Aux Pays-Bas, cette notion a fait son chemin depuis un certain temps. Là, ils réfléchissent de manière plus proactive à l’avenir et établissent des plans climatiques ambitieux. En Flandre, ce sont toujours les villes, comme Louvain, Malines, Anvers ou Gand, qui ont un rôle de précurseur.

Peeters: Il semble que nos politiciens n’aient pas encore compris à quel point la situation est grave et à quel point le problème est global. Le changement climatique ne concerne pas seulement l’énergie et la technologie, il touche aussi la santé publique, la qualité de l’air, la sécurité, la migration, l’agriculture et l’emploi. Si je devais me mettre à la place du Premier ministre Charles Michel (MR), je jouerais résolument la carte européenne. Surtout dans le domaine de l’énergie. Les centrales nucléaires avec toutes leurs failles devraient être de l’histoire ancienne, surtout dans les régions surpeuplées comme la nôtre. L’énergie durable est la voie à suivre, mais on doit s’y attaquer en réunissant tous les États membres de l’UE: récolter l’énergie solaire dans les endroits les plus ensoleillés, le vent en mer, etc. Si cela ne se produit pas dans les années à venir, cela deviendra très très difficile.

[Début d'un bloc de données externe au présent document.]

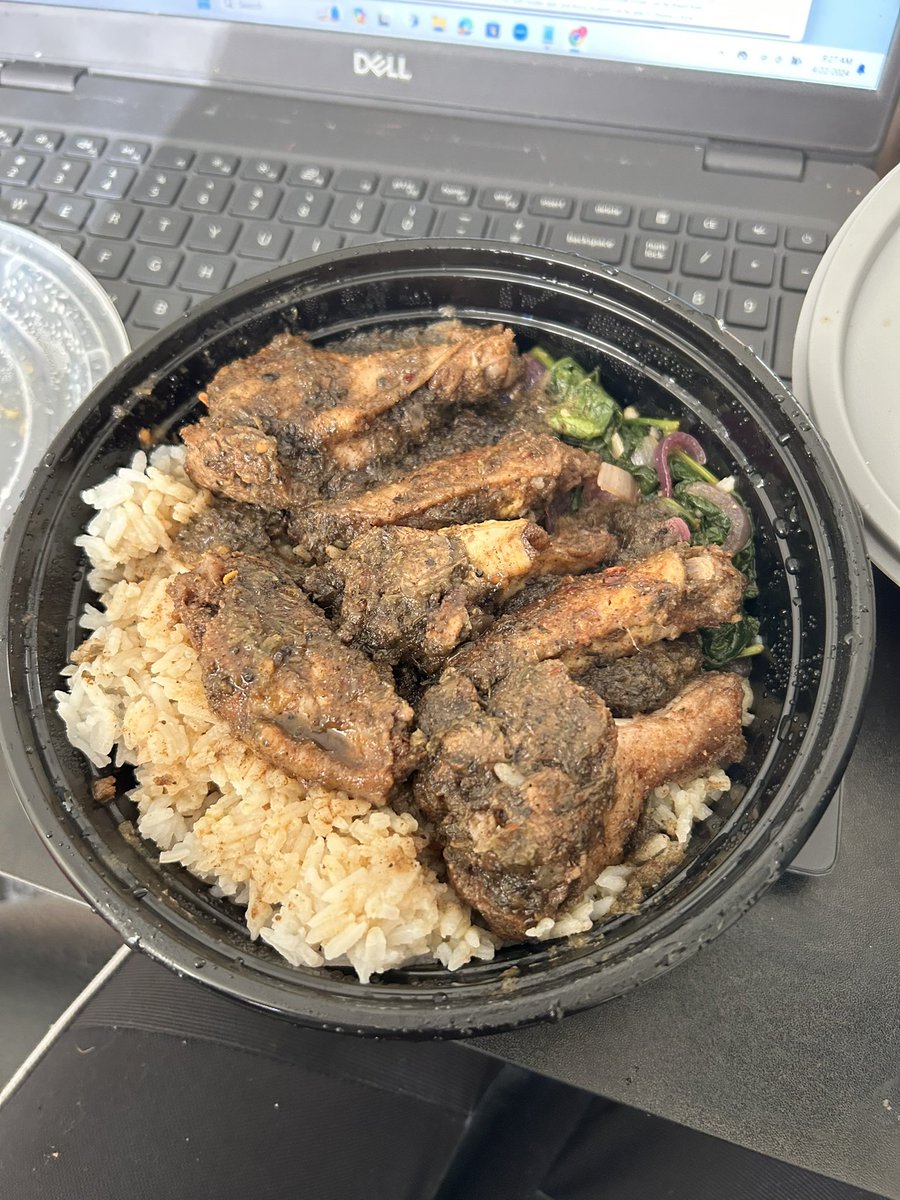 CannonBeats215's tweet photo. Honey Jerk Chicken, Spinach, Rice. Should I add this to the menu? I ainโt gonna lie I snapped on these ๐ฅ #ChefCannon https://t.co/lg8mgRxhiB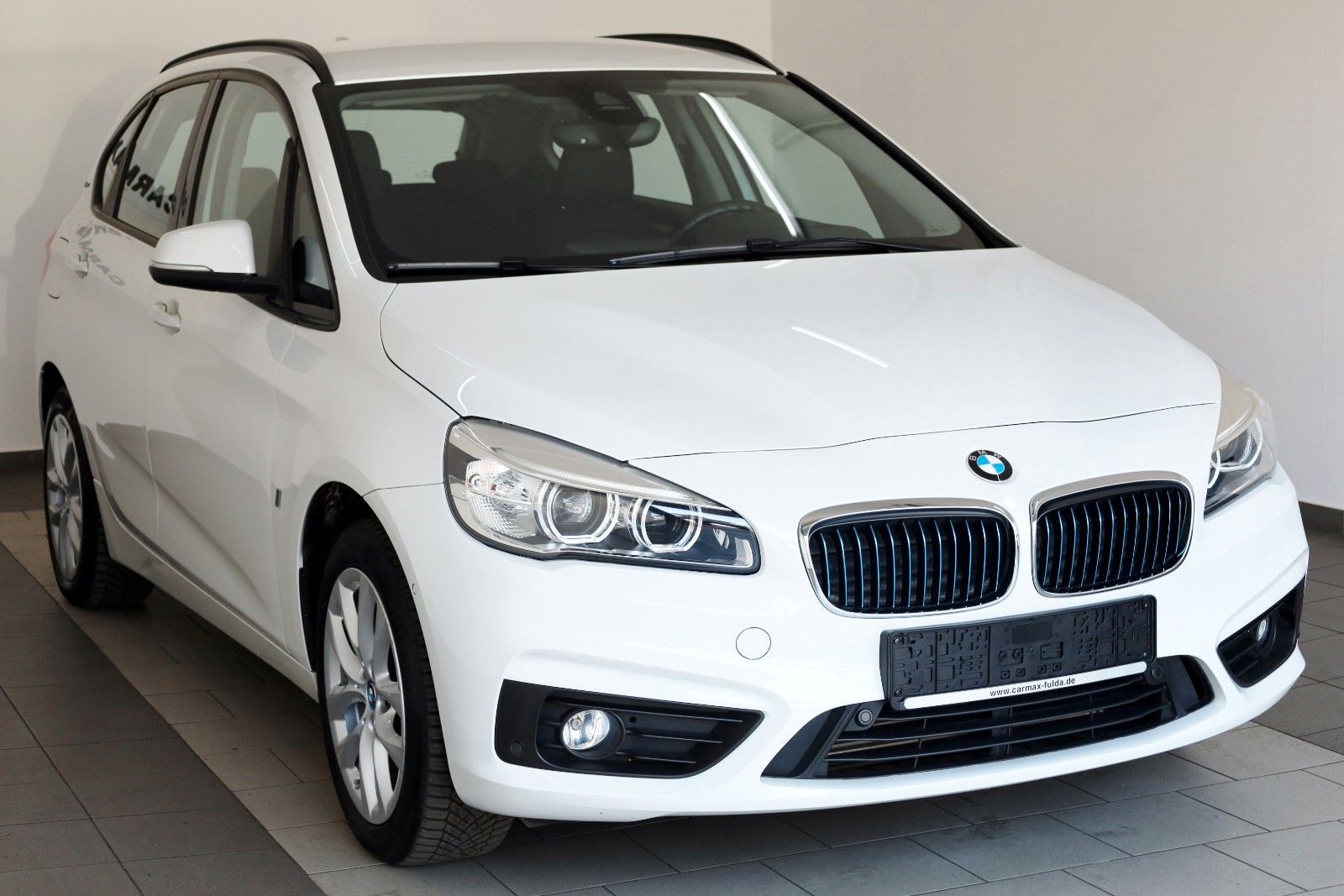 Fahrzeugabbildung BMW 225xe Active Tourer Advantag Navi,LED,HUD,SH,PDC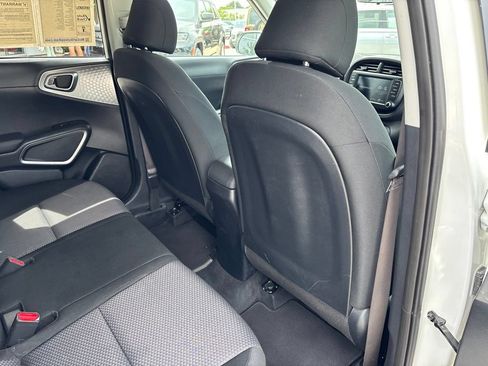 Used 2025 Kia Soul LX w/ LX Technology Package FWD image 17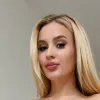مولد الصور الإباحية بالذكاء الاصطناعي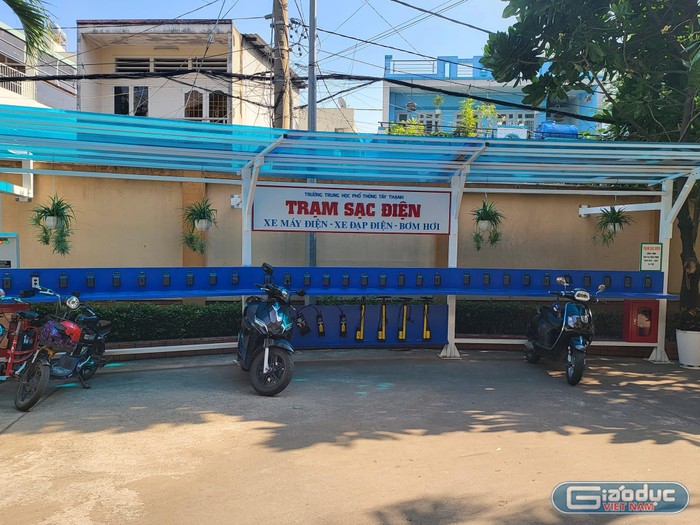 Trạm sạc điện của Trường Tây Thạnh đi vào hoạt động, phục vụ nhu cầu thiết thực của học sinh (ảnh: P.L)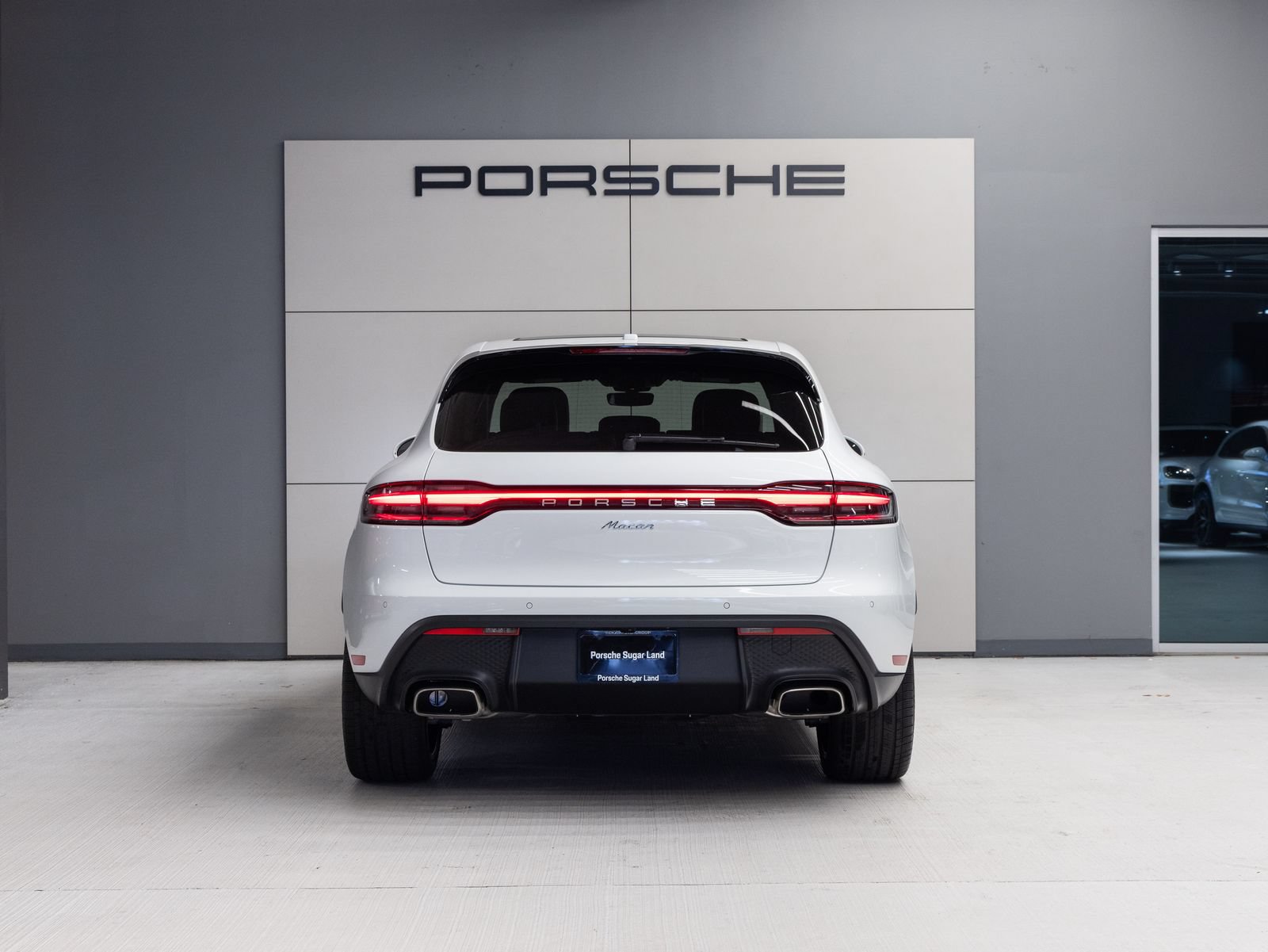 New 2026 Porsche Macan AWD/4WD image 6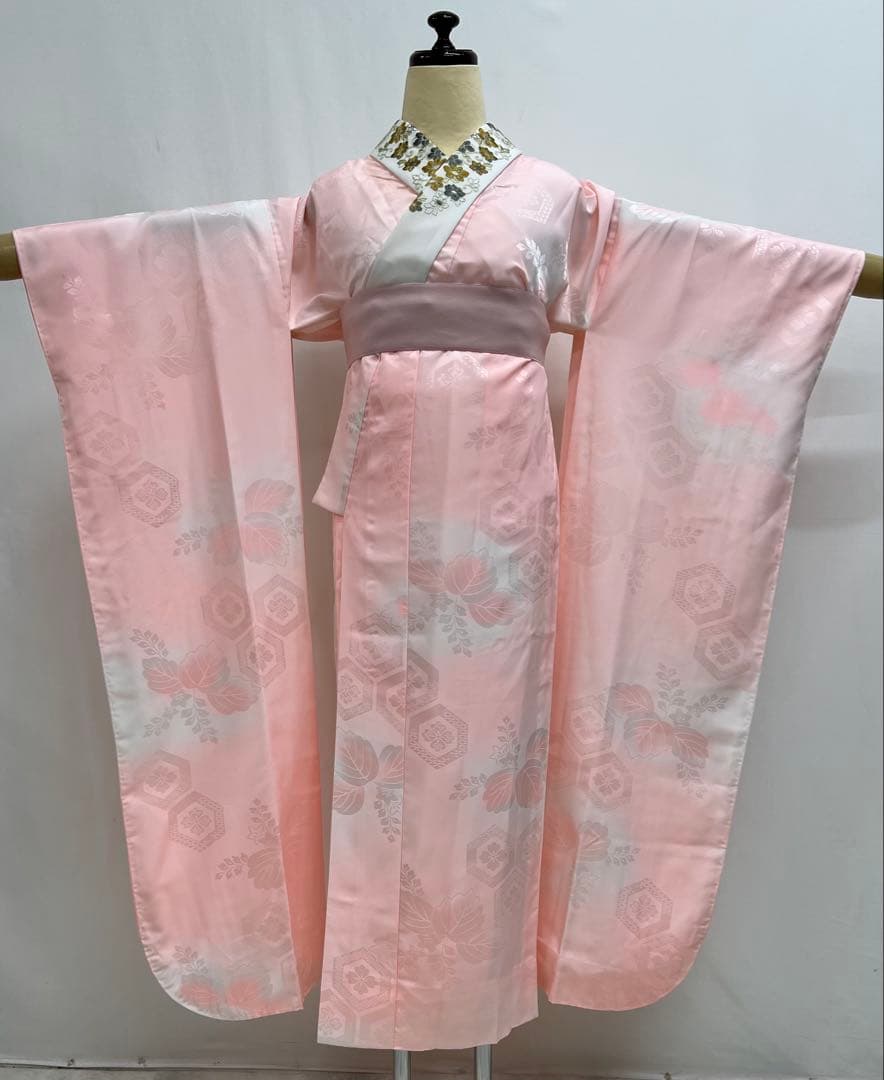 振り袖　フルセット　長襦袢　成人式　金彩加工　刺繍　全通袋帯　重ね襟付き656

La planète va survivre. Mais l’Homme? C’est une autre paire de manches. Et qui survivra? Seuls les riches qui peuvent construire des murs plus hauts et se permettre un climatiseur plus puissant? Ou personne ?

La Banque mondiale a publié en juin une étude qui cartographie l’impact de la hausse des températures en Asie. Si rien ne change, près de la moitié des habitants de l’Asie du Sud verront leur niveau de vie diminuer en raison de la baisse des rendements agricoles, des nouveaux risques pour la santé et de la faible productivité du travail. Rien qu’en Inde, 600 millions de personnes vivent dans des régions qui seront durement touchées. « S’il n’est pas endigué, le changement climatique renforcera les inégalités liées à la pauvreté », résume le New York Times.

Van Lipzig: N’oubliez pas l’Afrique. Là-bas, les défis sont encore plus grands: une croissance démographique importante, un climat plus chaud et encore moins de moyens d’adaptation qu’en Asie. J’étais en Ouganda récemment, à Kampala, la capitale. Je récoltais des données sur le terrain pour une nouvelle étude. L’âge moyen y est de dix-huit ans. Dix-huit! Et ils ont déjà de gros problèmes pour faire fonctionner le pays. La thématique y est beaucoup plus présente qu’ici: tout le monde réalise le danger aigu que représente le changement climatique. Chez nous, beaucoup de gens doivent encore être convaincus. Nous pensons encore trop souvent à court terme. « Il fait trop chaud? Je vais investir dans un climatiseur.  » Je comprends cette réaction, mais à cause de cela, le problème ne fait que s’aggraver.

Peeters: L’idée de justice sociale est, pour moi, cruciale. Nous voulons plus et nous sommes plus nombreux. Les personnes qui nous rejoignent voudront avoir au moins autant que nous aujourd’hui. Que leur dira-t-on : non, vous ne pouvez pas avoir d’enfants, vous ne pouvez pas manger de la viande ou il est interdit de prendre l’avion ? Ça ne va pas ! Nous, en Occident, le faisons depuis des années. Nous ne sommes pas exactement un exemple.

Qu’est-ce qui vous donne espoir ?

Van Lipzig: J’ai vu une transition claire dans la société ces dernières années. Les personnes qui changent de comportement, les villes qui veulent devenir neutres sur le plan climatique… Je travaille en Belgique depuis treize ans maintenant. Les chefs d’entreprise qui venaient me voir après une conférence ne me croyaient pas au début. Aujourd’hui, ils me demandent sincèrement ce qu’ils peuvent faire ou comment ils peuvent aider. J’espère que nous aurons bientôt une masse critique suffisamment importante opérer un véritable redressement.

Peeters: Je continue à tirer de l’espoir dans l’accord de Paris. OK, il ne sera pas facile de le mettre en oeuvre. Aux États-Unis, il y a maintenant un homme au pouvoir qui pense que son pays peut utiliser le changement climatique à son avantage. Mais il reste encourageant que 197 pays aient déclaré: « Wir schaffen das ». Mais n’oublions pas non plus que l’on a découvert un lac d’eau liquide sur Mars.

Peeters rit et regarde Van Lipzig : Croyez-vous que l’Homme peut y vivre?

Van Lipzig: Certainement pas. Tout ce que nous avons, c’est cette planète.